I’d have to check the Catalog of Ships in the Iliad to see if there are any other cities named Thebes listed, but I’m pretty sure there aren’t, so if I’m right and Heracles used to come from an entirely different Thebes, it was already lost and forgotten by the time the Catalog of Ships was first composed. And that was a part of the Iliad that the poet inherited from generations of earlier bards, considering it’s describing the Mycenaean power landscape, not the Archaic one that was in place when the epic itself was composed. So if there isn’t another Thebes in the Catalog of Ships, then for Heracles to have originally been associated with a different Thebes, his story would have to be really freakin’ old.
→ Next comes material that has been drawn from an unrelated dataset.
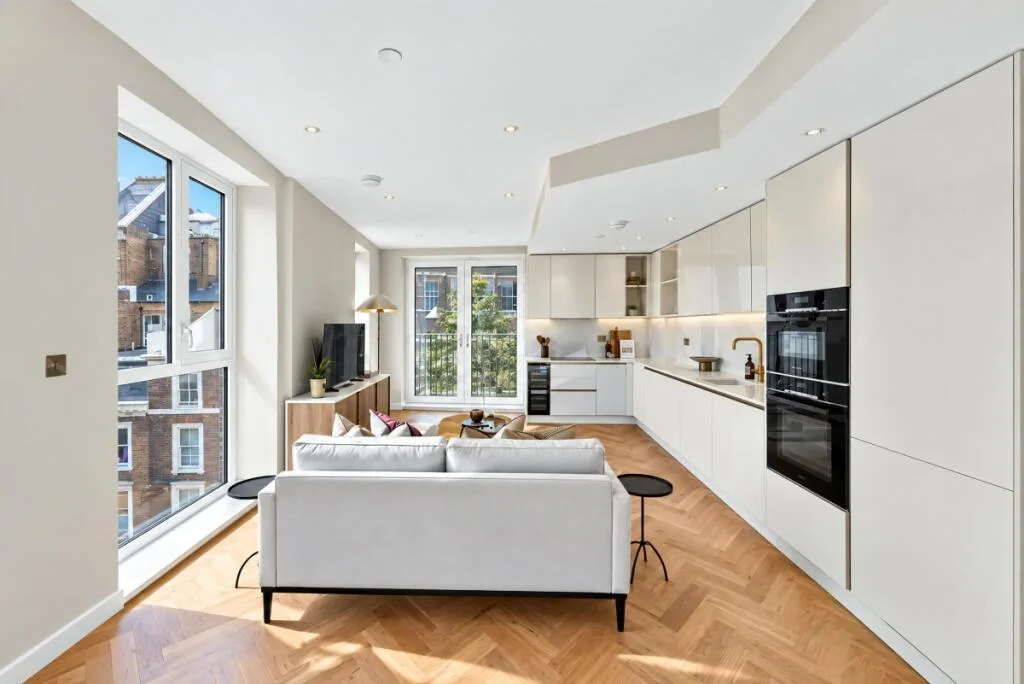 2 bedroom flat for rent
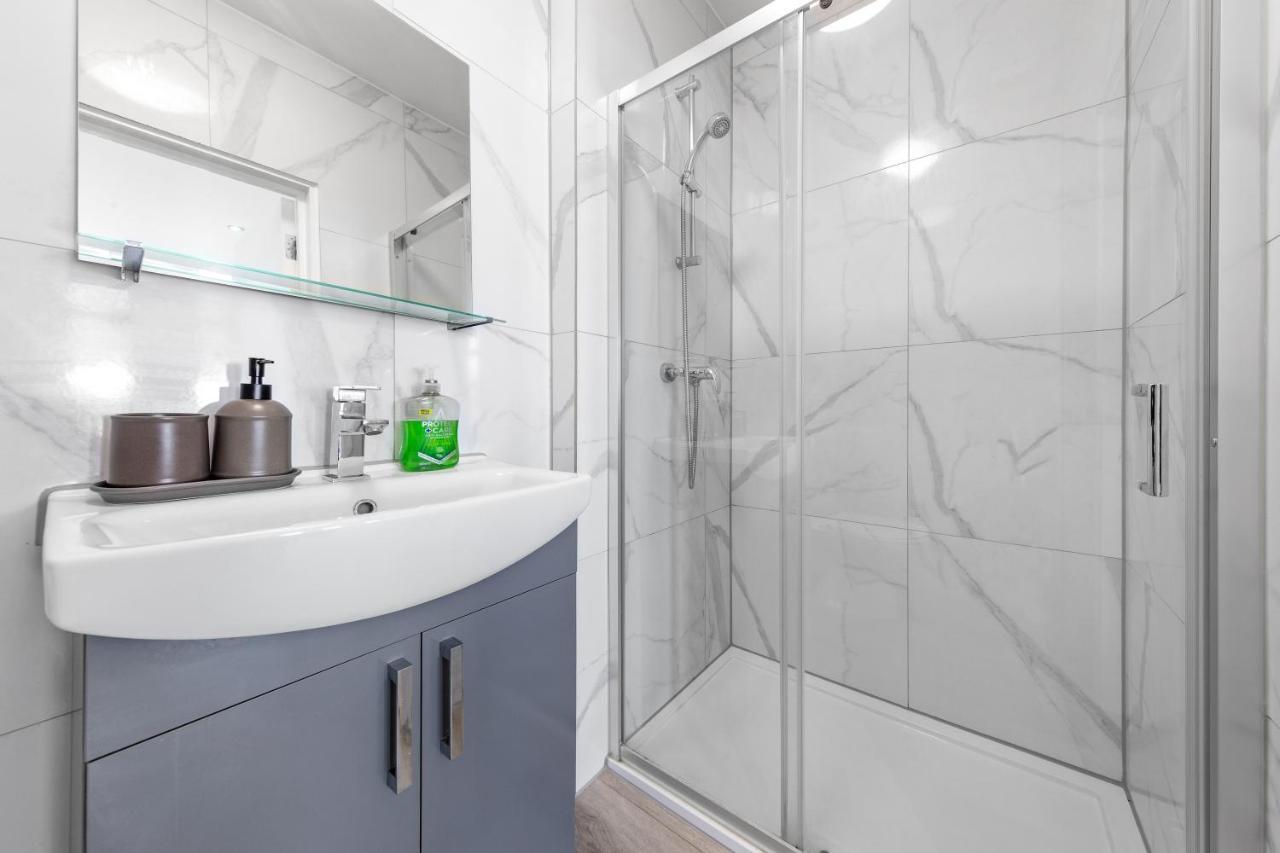 Comfy 1Bdr - 30Mins To Central Ldn - Parking The Hyde Exteriör bild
Unless he was originally from Egyptian Thebes. That’s an entirely different matter…but I don’t know if the Greeks ever assumed that the Egyptian cities were city-states like their own, so…yeah, that’s a problem.
Another problem, of course, is that fact that Tiresias is lightly involved in the story of Heracles’ conception, at least in some versions, which rather requires him to have been born (and conceived) in that Thebes.
Ultimately, what bothers me about this little conundrum is how I’m going to handle the life of Heracles in my myth re-tellings. I need to figure out what to do about that, because if he’s from the same Thebes as Oedipus, then why doesn’t he get involved in all of that? What’s the timing? If he’s from a different Thebes, then it’s a little easier to work out the chronology. Or rather, the precise chronology is of little relevance, so I don’t have to stress about it. (I just have to explain what Tiresias is doing in a Thebes other than the one he lives in.)